Indy Film Fest 2012: Hoosier Lens 

click to enlarge 'Billi & Theodore'
  • 'Billi & Theodore'

We reviewed just about every feature playing at this year's Indy Film Fest, which runs July 19-29, picking out our favorite from each slate to review at length and devoting about a hundred words to every other film. Head to indyfilmfest.org for complete schedule info, including shorts packages, workshops and other miscellany.

Billi & Theodore (dir. Ronald Short, 114 min)
★ ★ ★ Engaging road trip movie. After Theodore (Travis Emery) gets punched out by his girlfriend, he travels to see his best pal, a puppeteer named Billi (Jordan McRae). After a stop in Indianapolis, the two head north to get his stuff from his place in Michigan City. It's fun seeing local shots of Indy and northern Indiana, but the movie has more going for it than that. The friendship between Billi and Theodore is believable and thankfully, we get to see the annoying aspects of both characters (Billi is abrasive and overly theatrical, Theodore is a whiner) along with their quirky, funny sides.

Late Summer (dir. Ernie Park, 58 min)
★ ★ ★ Writer-director Ernie Park takes a look at young Nadia (Michelle Lynn Hardin), who is torn between staying with her mother and going away to college. Park does a wonderful job creating an inviting atmosphere and introducing interesting, likable characters. Well-chosen music enhances the film, though an early jazz number overwhelms the conversation. The movie spends way too much time showing friends and family trying to talk Nadia into going to college. It's a shame Park didn't expand his screenplay more, but despite the repetition, Late Summer still works as a rich mood piece.
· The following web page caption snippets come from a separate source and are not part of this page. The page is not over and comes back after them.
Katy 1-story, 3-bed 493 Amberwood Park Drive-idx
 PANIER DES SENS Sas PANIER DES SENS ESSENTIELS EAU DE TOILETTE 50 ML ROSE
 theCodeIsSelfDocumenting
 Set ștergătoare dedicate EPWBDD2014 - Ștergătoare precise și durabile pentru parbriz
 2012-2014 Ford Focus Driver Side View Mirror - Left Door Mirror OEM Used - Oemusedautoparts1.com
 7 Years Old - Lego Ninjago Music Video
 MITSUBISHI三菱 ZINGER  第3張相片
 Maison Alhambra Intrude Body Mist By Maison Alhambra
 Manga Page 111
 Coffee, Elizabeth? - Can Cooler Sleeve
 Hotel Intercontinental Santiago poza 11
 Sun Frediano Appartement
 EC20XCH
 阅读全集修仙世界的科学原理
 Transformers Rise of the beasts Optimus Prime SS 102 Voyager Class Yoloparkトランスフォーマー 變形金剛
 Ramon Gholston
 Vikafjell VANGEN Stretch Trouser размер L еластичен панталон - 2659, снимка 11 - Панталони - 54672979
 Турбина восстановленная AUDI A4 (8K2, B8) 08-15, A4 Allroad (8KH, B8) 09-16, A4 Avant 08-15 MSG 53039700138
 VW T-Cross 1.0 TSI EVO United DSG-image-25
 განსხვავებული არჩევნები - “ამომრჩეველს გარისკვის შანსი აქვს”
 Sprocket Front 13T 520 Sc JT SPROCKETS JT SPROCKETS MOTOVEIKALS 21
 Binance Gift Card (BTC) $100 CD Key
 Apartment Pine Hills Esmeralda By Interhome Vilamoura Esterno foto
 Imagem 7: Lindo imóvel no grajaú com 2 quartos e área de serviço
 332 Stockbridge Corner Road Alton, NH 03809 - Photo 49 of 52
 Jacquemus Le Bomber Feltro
Video Stop (dir. Adam Newell, 107 min)
★ ★ ★ Raunchy comedy with a sweet soul. Writer-director Adam Newell offers a comic coming-of-age story set in Indianapolis, focusing on the staff of Video Stop, a local DVD rental shop with fewer videos on display than a suburban branch of the library. There's a major Clerks vibe at first, but these Hoosier fellows are much nicer. Newell directs ably. As for the screenplay, bathroom and body function jokes abound, with wacky hijinks pushing the limits of credulity, even for the genre. But I didn't mind, because I liked the characters enough to want to spend time with them even when a particular gag didn't work for me.